London - since it is the closest city to me a dream to come true, the tower would finally give London a landmark that it is worth talking about instead of a barely 300m building, which looks nice, but cannot compete with what is going on elsewhere.
Tokyo - Tokyo like London has far too low skyscrapers for the importance of the city. The skytree showed what Tokyo could be capable of and all these visionary projects scream for Tokyo to finally build a Mega-Tower for godzilla to climb.
Beijing - Beijing is late for the skyscraper race, but with the coming CBD a lot can happen. The importance of the city may push it in the eyes of the investors and media, since cities like Shenzhen may be under the radar for many.
Dubai - an obvious candidate as a playground for supertall craziness
Elsewhere - Hong Kong, Chicago, Guangzhou, Shenzhen don't seem to unlikely to me as well


----------



## wjfox (Nov 1, 2002)

My previous map was inaccurate.

This one is correct:


----------



## bbcwallander (Mar 22, 2013)

MUHA said:


> I hope to see it rising in NYC, the big apple, just across the statue of liberty, in the land of prosperity, big dreams and fair chances. This should be a small gift from people of earth to the country that invented airplanes, sent humans to walk the moon, and created internet. God bless the USA.

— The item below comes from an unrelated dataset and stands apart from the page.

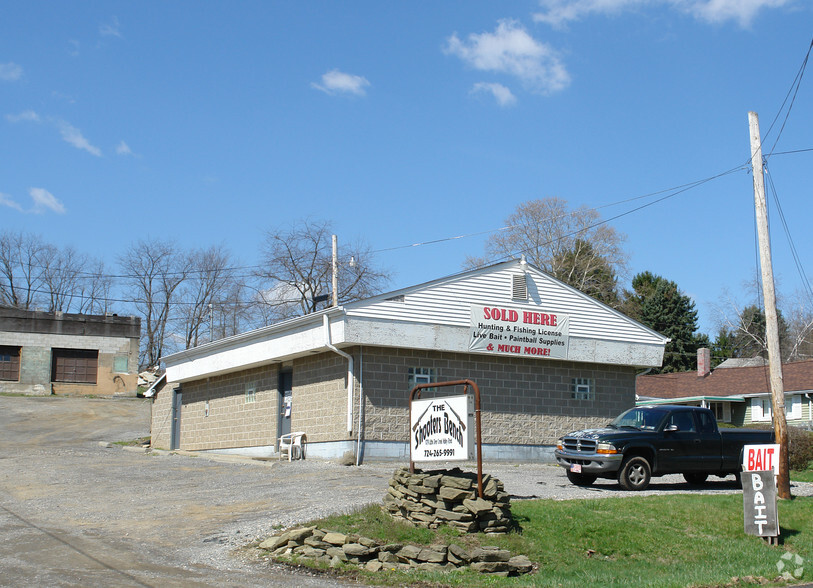 1019 Little Deer Creek Valley Rd, Russellton, PA for sale - Primary Photo - Image 1 of 1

The internet was invented in the UK, come to think of it, so was the USA!


----------



## krkseg1ops (Mar 19, 2009)

*del*


----------



## Erlenberg (Mar 17, 2013)

ZZ-II said:


> Paris itself has just over 2 million habitants, not 10 million. Just the suburbs make it that big.
> And the metro area of london has 15 million people ^^


Well, London municipality (Greater London) is 1 572 km² while Paris municipality is 105 km² ... we can't compare ! 

calculate population with city proper is a nonsense : Berlin would be bigger than Paris, and Bremen bigger than Nuremberg nuts ...

And metropolitan area represents only labor pool, not the city (and it changes significantly according to the reference).
The only really occurate census data is urban area (=city+agglomeration)


----------



## iveman94 (Oct 16, 2011)

Ok, but I don't understand what is Moscow doing in this rating. It is not major political cultural or economical centre of the world, not even Europe...


----------



## Nikonov_Ivan (Aug 25, 2011)

^^ Moscow is major city in Eastern Europe and one of the most powerful cities in Europe. Also, it's skyline( financial district, I mean) is rather interesting, so, such building maybe could fit it. 
Anyway, Moscow is well-known all over the world, that is why we can call it global city, also.


----------



## The-Real-Link (Oct 9, 2004)

I picked Dubai only for the reason that the generally tallest buildings are already there, even if the economy is still developing (compared to NYC for example). 

But as others pointed out, I'd honestly be curious. Shanghai / Tokyo have their plans and seismic issues. A tower that tall just would overwhelm NYC's skyline even if the city could support it. Chicago might be the only place it could fit but I don't know if the downtown / overall city could handle something of that scale. I think it'd also be not quite right for London, though as was said the city is very important. Edit. Some Chinese city could work. Now which, who knows? Hong Kong perhaps or one of the inland cities. Not Shanghai only because of the master plan.

It's such a tall structure that it's for a change, really hard for even this skyscraper fanatic to realistically envision a place it'd mesh with. But then my mind is also thinking a stretched Kingdom Tower. The design could be totally different and change my opinion. 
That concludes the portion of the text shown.